Extracted data entries:

Content starts

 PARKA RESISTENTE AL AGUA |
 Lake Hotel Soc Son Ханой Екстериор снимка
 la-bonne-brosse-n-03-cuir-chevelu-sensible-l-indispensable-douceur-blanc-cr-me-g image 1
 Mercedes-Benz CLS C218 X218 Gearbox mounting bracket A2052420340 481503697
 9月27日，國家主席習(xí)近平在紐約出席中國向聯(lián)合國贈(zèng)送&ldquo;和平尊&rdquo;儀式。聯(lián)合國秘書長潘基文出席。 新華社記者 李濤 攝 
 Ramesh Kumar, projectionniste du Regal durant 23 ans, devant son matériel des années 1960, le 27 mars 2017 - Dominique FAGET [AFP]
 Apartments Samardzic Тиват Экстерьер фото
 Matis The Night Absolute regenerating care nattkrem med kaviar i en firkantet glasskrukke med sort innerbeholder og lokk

Content ends

About this exercise: Once the line with "Lake Hotel Soc Son Ханой Екстериор снимка" is found in the records above, print exactly that line and every line after it through the line with "Apartments Samardzic Тиват Экстерьер фото".

Result:
 Lake Hotel Soc Son Ханой Екстериор снимка
 la-bonne-brosse-n-03-cuir-chevelu-sensible-l-indispensable-douceur-blanc-cr-me-g image 1
 Mercedes-Benz CLS C218 X218 Gearbox mounting bracket A2052420340 481503697
 9月27日，國家主席習(xí)近平在紐約出席中國向聯(lián)合國贈(zèng)送&ldquo;和平尊&rdquo;儀式。聯(lián)合國秘書長潘基文出席。 新華社記者 李濤 攝 
 Ramesh Kumar, projectionniste du Regal durant 23 ans, devant son matériel des années 1960, le 27 mars 2017 - Dominique FAGET [AFP]
 Apartments Samardzic Тиват Экстерьер фото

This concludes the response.